Two global consultants with totally different SFO market sizing estimates
At this point, it’s worth being reminded that in 2016, EY estimated that the global population of single family offices was 10,000, so by this measure, Deloitte is reporting that 27% of the world’s single family offices are in Hong Kong. KPMG’s global family office population assessment is more aggressive: it estimates 20,000 globally. The significant disparity between the two figures from well-known multinational firms illustrates the difficulty of the SFO market sizing task.
Singapore’s lowering of standards for SFOs has led to problems.
In Singapore, the city state’s Economic Development Board reports that 1,400 single-family offices have been established in the country, lured by favorable tax incentives promoted by the Monetary Authority. When Singapore first announced tax incentives for family offices in 2017, no minimum AuM was stipulated. So, anyone with a few million, or even less, could come in as a “family office” and receive a tax incentive.
In July 2023, the MAS raised the qualifying AuM level for the definition of an SFO to S$20m (US$15m), and according to HSBC, the qualifying level has now increased again to US$30m. The authorities have raised the bar and are taking longer to scrutinize the credentials of family offices seeking tax breaks since a record-breaking S$3bn money laundering case last year, which was connected to several so-called family offices. If entry standards are lowered, of course, risks will rise.

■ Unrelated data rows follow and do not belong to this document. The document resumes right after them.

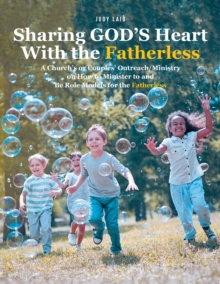 Sharing GOD'S Heart With the Fatherless : A Church's or Couples' Outreach/Ministry on How to Minister to and Be Role Models for the Fatherless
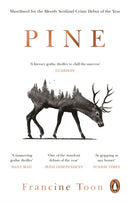 Pine : The spine-chilling Sunday Times bestseller-9781784164829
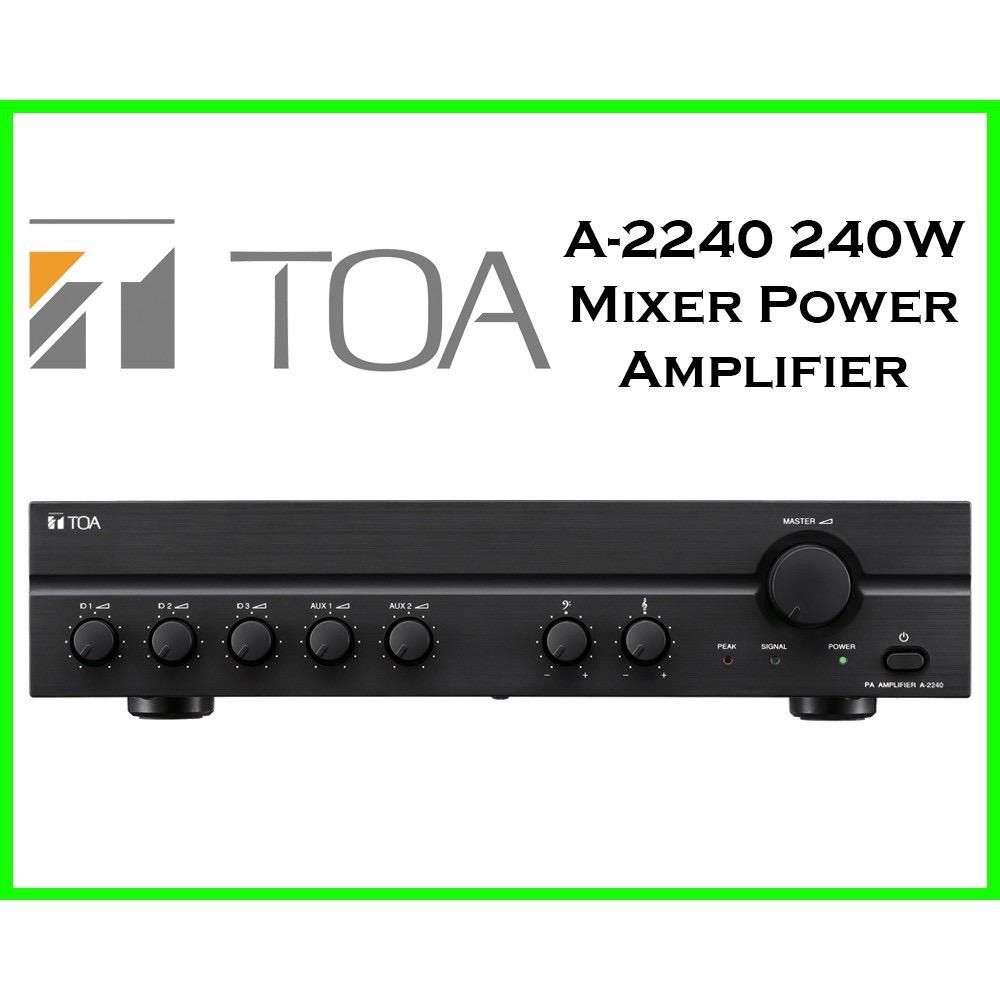 TOA Amplifier A-2240 240Watt Mixer Power Amplifier H Version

To be fair to EY, Deloitte, KPMG, and other pundits, assessing the number of family offices nationally or globally is a difficult task. It’s tempting to take a shortcut by assuming a certain percentage of the UNHW community is statistically likely to have a family office.
An extensive family offices database can support a professional approach to SFO market sizing.
However, the confidence with which these round number totals of SFOs are presented invites skepticism because the core family office data on which such assessments should be based requires a thorough and impartial study of actual single-family offices over sufficient time to build a substantial accumulation of data.
Moreover, any assessment of the number of single-family offices globally must account for the fact that only a certain percentage of the market is discoverable.
A preference for secrecy, privacy, security, and aversion to the taxman creates an environment where further single-family offices beyond those that are known are very hard to quantify.
Amidst such uncertainty, a professionally researched extensive Database of single-family offices, carefully screened for their valid credentials, can help assess market size.
The Family Offices Database from Highworth Research, part of With Intelligence, is the largest online database of SFOs available. It currently holds detailed profiles, including contacts, of over 2,700 SFOs in 74 countries. This number grows weekly as Highworth adds further profiles of family offices to its online platform.
Knowledge of the multiple sources of data used by Highworth allows the firm to be confident that approximately 2,500 more single-family offices will be identifiable over the next several years.
Beyond that, Highworth believes that there may be around 2,000 further SFOs globally who are off the radar and unlikely to be publicly discovered, although if their credentials as SFOs are genuine, they are still likely to be valuable clients for asset managers, banks, and professional advisors.